This is so scary. A month ago, this would have been an ordinary day’s intake for me. Go out for breakfast at a restaurant. Good Lord – 700 calories for one meal. That’s more than half what I try to eat now on a daily basis… Have been eating for the last few weeks, with room to spare. I certainly didn’t get much exercise in to counteract the over-eating. The numbers don’t lie. This is awful. Did I want to go splurge more? No. So that’s a positive. I’ve had my ‘cheats’ for the next two weeks.

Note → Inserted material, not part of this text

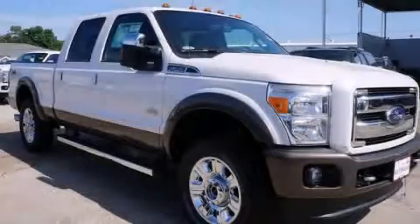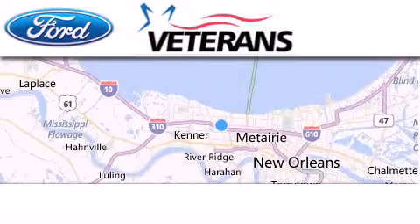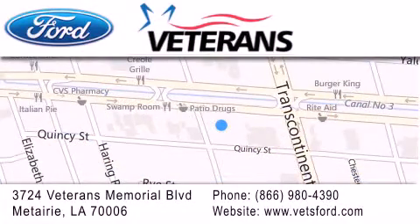Stop by today and test drive this vehicle for yourself. Veterans Ford is located at 3724 Veterans Memorial Boulevard in Metairie. Our goal is to exceed all of your expectations to ensure that you'll return for future visits. Come on, man — get the best from Veterans Ford.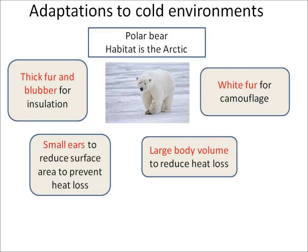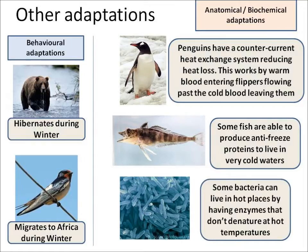It's quite round and that reduces heat loss. It also has white fur for camouflage so its prey can't see it. Bears choose to hibernate during the winter. Swallows and some other birds migrate to warmer climates like Africa during the winter.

I ate one sparerib (yeah, it as greasy), a couple of spoonfuls or rice and some green beans at the reception afterwards. Drank water instead of wine. Had a sandwich on the road because there is nowhere to buy a piece of grilled chicken at a roadside stop. Tim Horton’s or A&W were the choices.
I thought the sandwich would be less dangerous. It wasn’t. The salami and mayo tasted good. But why did I finish the whole thing, small as it seemed?
I was sort of hungry. Honestly, if there’d been a KFC in the OnRoute stop, I’d have had a piece of that. And regretted it even more.
The celery I’d packed Friday had gone a bit mushy. I was feeling sad and tired. My leg hurt a lot. Who knew that a %$#@ sandwich and a cookie would be so calorically lethal? But I have to learn not to let excuses knock me off my goal.
Okay. Take a deep breath. Thanks to My Fitness Pal, I know how far I’ve fallen off the weight-loss wagon. It’s not the end of the world. Today, I start over.